What is needed is a word-for-word transcript of the listing, free of pictures.

■ DATA EXTRACT
☆ ☆ ☆ ☆

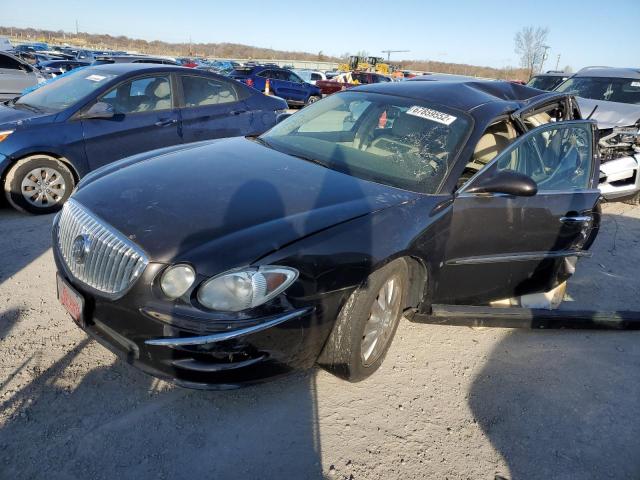 BUICK LACROSSE C 2008 with VIN 2G4WD582681199505 - Photo from auction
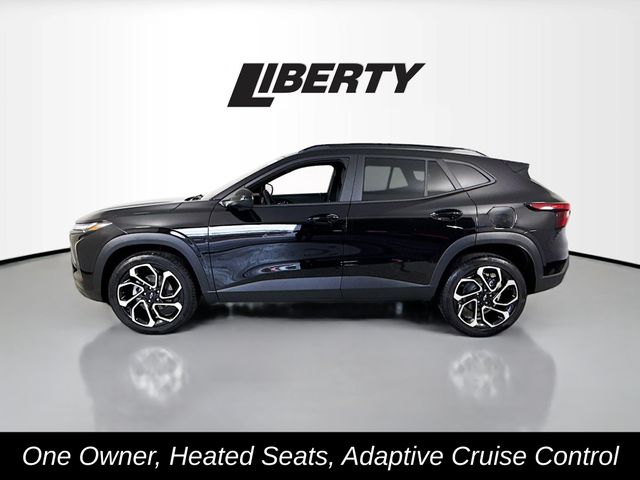 2025 Chevrolet Trax photo 4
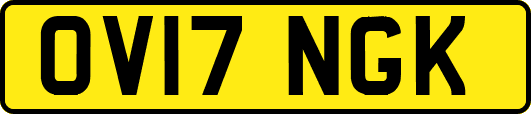OV17NGK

☆ ☆ ☆ ☆

■ RESULT OF THE TASK
 BUICK LACROSSE C 2008 with VIN 2G4WD582681199505 - Photo from auction
 2025 Chevrolet Trax photo 4
OV17NGK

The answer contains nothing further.